When `MODELING_BACKEND=veomni` (the default), `__post_init__` automatically
rewrites `flash_attention_2/3/4` to VeOmni SP-aware variants
(`veomni_flash_attention_2_with_sp`, etc.) which wrap the underlying kernel
with DeepSpeed Ulysses sequence parallelism gather/scatter.
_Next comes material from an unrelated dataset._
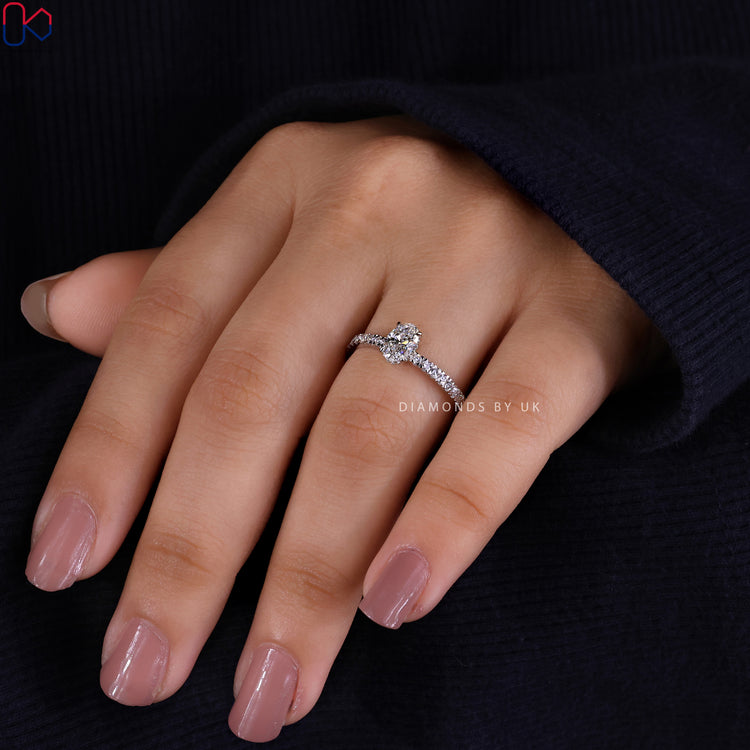 Hidden halo engagement ring with oval center stone.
This is why FA2/3/4
support SP — the rewrite is transparent to the user.

### Selection flow

1. **Config `__post_init__`** — `flash_attention_2` → `veomni_flash_attention_2_with_sp`
2. **`build_foundation_model`** — passed to HuggingFace `AutoModel.from_config(attn_implementation=...)`, stored as `config._attn_implementation`
3. **Import-time registration** — `apply_veomni_attention_patch()` registers the VeOmni names in `ALL_ATTENTION_FUNCTIONS`
4. **Forward** — Transformers dispatches to `flash_attention_forward()` via `ALL_ATTENTION_FUNCTIONS[config._attn_implementation]`

### Key files

- Config: `veomni/arguments/arguments_types.py` — `OpsImplementationConfig`
- Registration: `veomni/ops/flash_attn/__init__.py` — `apply_veomni_attention_patch()`, `flash_attention_forward()`
- Plumbing: `veomni/models/auto.py` — `build_foundation_model(attn_implementation=...)`

---

## 2. Cross-Entropy Loss

### Config

No config field. Controlled by environment variable.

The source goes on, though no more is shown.